Washington DC: The Unaffordable and
Unnecessary War Capital of the World (Part 2)
David Stockman / Antiwar.com
(May 20, 2024) — Since WWII was arguably the nation’s last “good war”, an illuminating way to measure the folly that has unfolded during the seven decades since then is to unpack the cost of veterans disability compensation and medical care by cohort of war service.
The following figures are extremely conservative and exclude survivors, dependents, pensioners, housing, education and other VA benefits. But they do encompass roughly $180 billion or 52% of the current $346 billion per year Veterans Administration (VA) budget.
The disability compensation cost for each cohort is detailed by the VA, while the cost of medical care is assumed to be equal to the current annual average of $8,200 for each of the 9.18 million enrollees. Self evidently, the $286 million cost for WWII beneficiaries is a rounding error.
Number of Beneficiaries and Current Budget
Cost for Disability Compensation and Medical Care:
- WWII: 11,488 vets and $286 million.
- Korean War: 59,092 vets and $1.4 billion.
- Vietnam Era: 1,385,131 vets and $44.3 billion.
- Gulf War Era: 3,374,670 vets and $112.1 billion.
- Other Peacetime: 831,932 vets and $20.5 billion.
- Total: 5,662,273 vets at an average of $31,705/beneficiary= $179.5 billion.
For want of doubt, it is now nearly universally agreed that the two Iraq wars were sheer folly in which upwards of $1.5 trillion was wasted, to say nothing of the hundreds of thousands of Iraqis killed or injured by these pointless invasions and occupations. Yet the compensation and medical care cost for the 3.375 million disability beneficiaries of this cohort currently totals $112 billion per annum.
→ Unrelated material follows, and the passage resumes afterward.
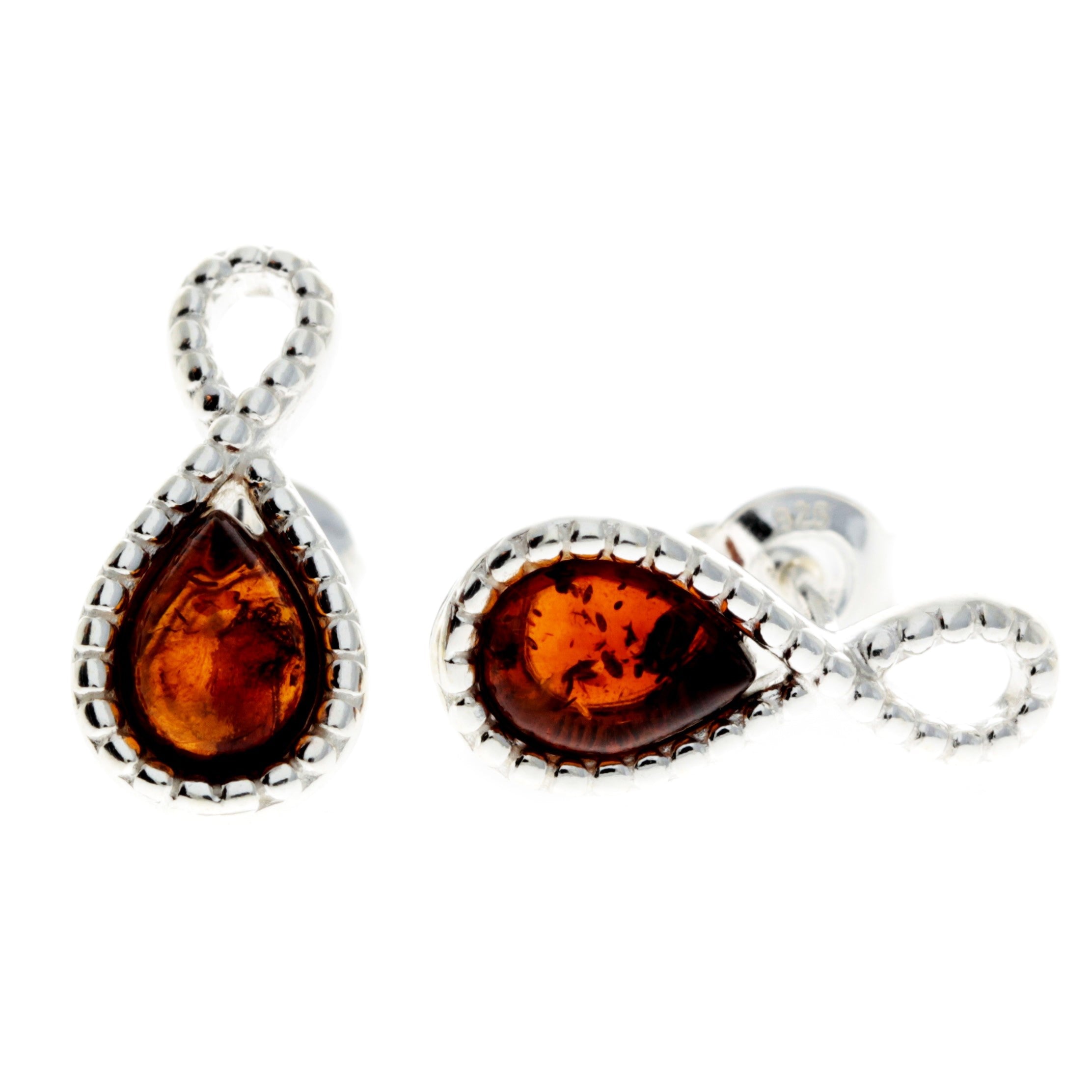 925 Sterling Silver & Baltic Amber Infinity Studs Earrings - GL164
While that figure seems exceedingly large by any standard, it is evidently driven by the huge number of beneficiaries, not the $33,480 cost for each. As it happens, fully 41% of the 8.193 million Gulf War Era veterans are on disability – a reminder that Washington’s Forever Wars are no less a human meat-grinder than the historic wars that have gone before, and not withstanding all the high tech battlefield safeguards now available.
In any event, given an average life expectancy of 75 years the Gulf War Era vets alone will generate deferred costs in current dollars of purchasing power (FY 2024 $) equal to about $5.6 trillion (50 years at $112 billion per year).
That’s right. The deferred cost of just one set of pointless Forever Wars amounts to 155% of the entire regular military budget of Russia on an annual basis; and on a lifetime basis, it’s actually equal to 17% of the entirety of the nation’s current towering public debt of $34 trillion!
Needless to say, Washington’s budgetary green eyeshades are happy to keep these staggering deferred costs out of the so-called “defense budget” entirely. Under proper accounting, of course, the lifetime cost of disability compensation and VA medical care would be amortized over each person-year of combat deployments.
That’s a number, however, which the Sunday afternoon warriors of the beltway would assiduously prefer not to know. Yet just consider the aforementioned 41% of Gulf War era veterans who will receive a lifetime of disability and medical benefits at the VA. Assuming an average 50 years on the VA rolls, the lifetime cost per beneficiary would be about $1.675 million in today’s dollars.
Next, amortize that over the 6.5 years of average military service for current armed forces active duty personnel, and you get an annual accounting charge of $105,000. So the true annual cost of sending one soldier into the Forever Wars is not the current already high figure of $136,000, but is actually nearly one-quarter of a million dollars per year!
As we said, the beltway warriors would rather we didn’t know. By way of historical example, if the American public had been told it would cost $250,000 per year to send a US serviceman into Kuwait for the purpose of defending the Emir’s right to drill directionally into Saddam Hussein’s oil in the border-straddling Rumailafield, they might not have waved so many stars and stripes in response to the CNN Gulf War Extravaganza.
Indeed, they might well have been happy to allow Saddam to collect the $2.6 billion he claimed the Emir stole from Iraq by such means as he felt necessary. After all, this local spat between the gluttonous Emir of Kuwait and the Butcher of Baghdad had absolutely nothing to do with the liberty and security of the American homeland.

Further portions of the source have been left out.